The silence in political circles ranging from the ever-critical Democratic Alliance to the African National Congress, the government, the South African Communist Party and the apparently land-conscious Pan Africanist Congress about the legalistic judgement in the Land Claims Court rejecting the claim of the Richtersveld people to their land is revealing.

It is particularly revealing that the government is using two sets of expensive teams of lawyers to fight the claim on the basis of complex legal and historical technicalities rather than facing up to the central issue.

It also seems that all political groupings are leaving matters to costly lawyers rather than facing up to that issue: do the descendants of the original inhabitants to the remote area on the Cape West coast near the Orange river have a legitimate claim to the land which was stolen from them by the British and Cape colonial authorities in the 19th century?

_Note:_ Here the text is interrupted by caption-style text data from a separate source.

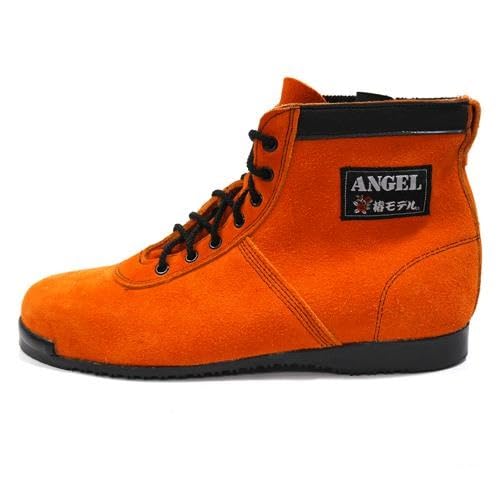 Velor modified safety shoes with maple cowhide steel JIS standard certified CHS29 [Tsubaki Model] medium-knit zipper, (orange), chrome, toecap,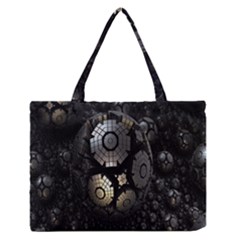 Fractal Sphere Steel 3d Structures Medium Zipper Tote Bag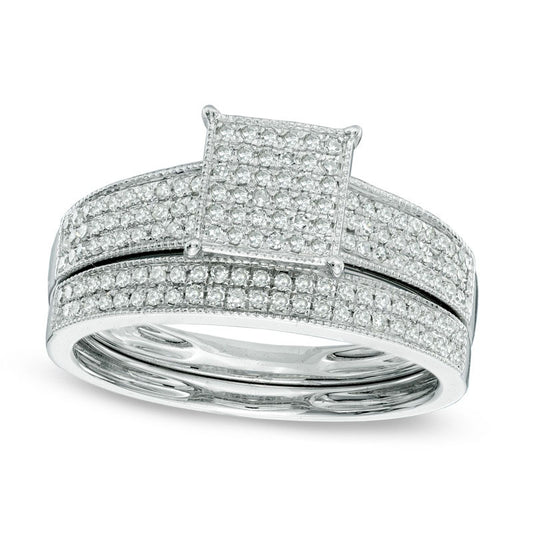 0.33 CT. T.W. Natural Diamond Square Composite Antique Vintage-Style Bridal Engagement Ring Set in Solid 10K White Gold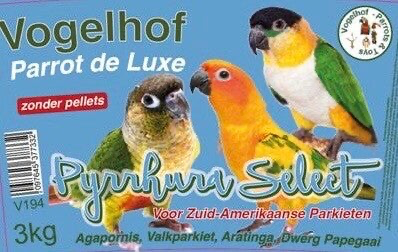 PYRRHURA SELECT zonder pellets - 3 kg Vogelhof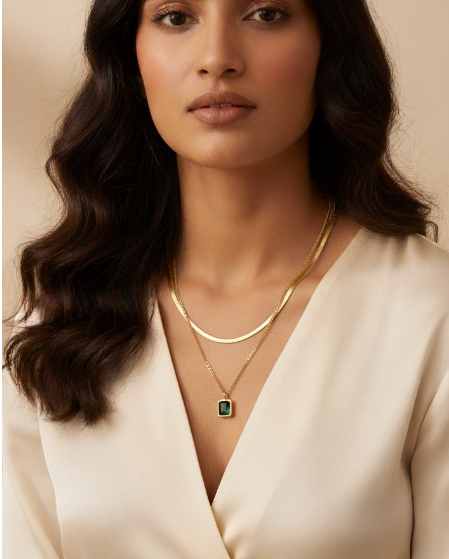 Gold Plated anti-tarnish Double Chain Green Stone Pendant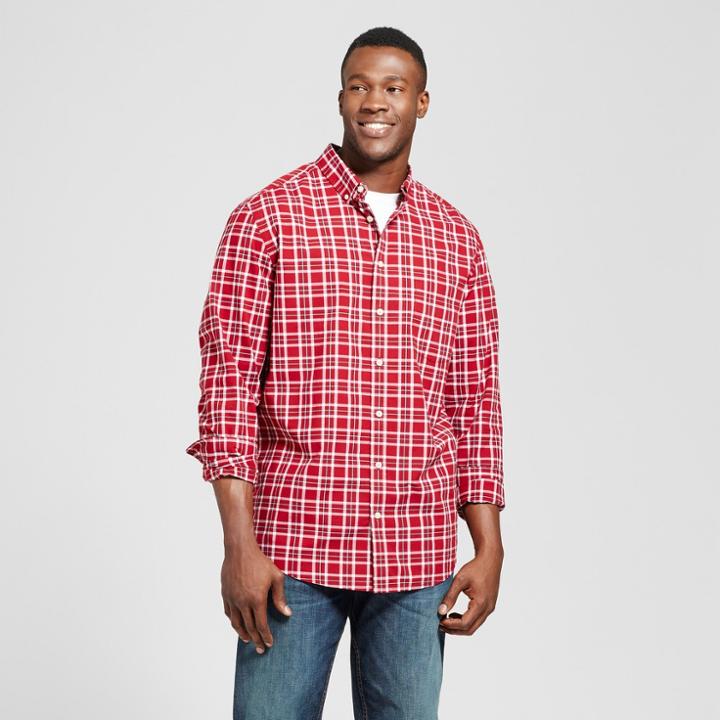 Men's Big & Tall Standard Fit Northrop Poplin Button-down Shirt - Goodfellow & Co Red/white Plaid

The key policy decision about the claim does not appear to have been discussed by the government before the Department of Land Affairs and the state-owned Alexkor engaged legal teams to fight the case brought by the Richtersveld community with the assistance of the Legal Resources Centre.

Of course, there are considerable financial implications. The government in the heady days of white minority rule decided that the state would exploit the diamond-rich area and keep the profits by the late 1920s Alexkor was making a cool 7-million a year, or about R84-million in today’s terms, and it is reported to be making R500 000 profit every month now.

So, should any court or government, or parliament ever decide that the government’s occupation was illegal or that the descendants of the original community were incorrectly dispossessed of their land, the quantum of compensation at stake would be considerable.

Recently, there have been management problems at Alexkor, although its interim management has been rectifying matters and its scheduled privatisation has been delayed, but there is no doubt that it has considerable value, particularly if it really belongs to the small Richtersveld community and not to the government, which would like to sell it off.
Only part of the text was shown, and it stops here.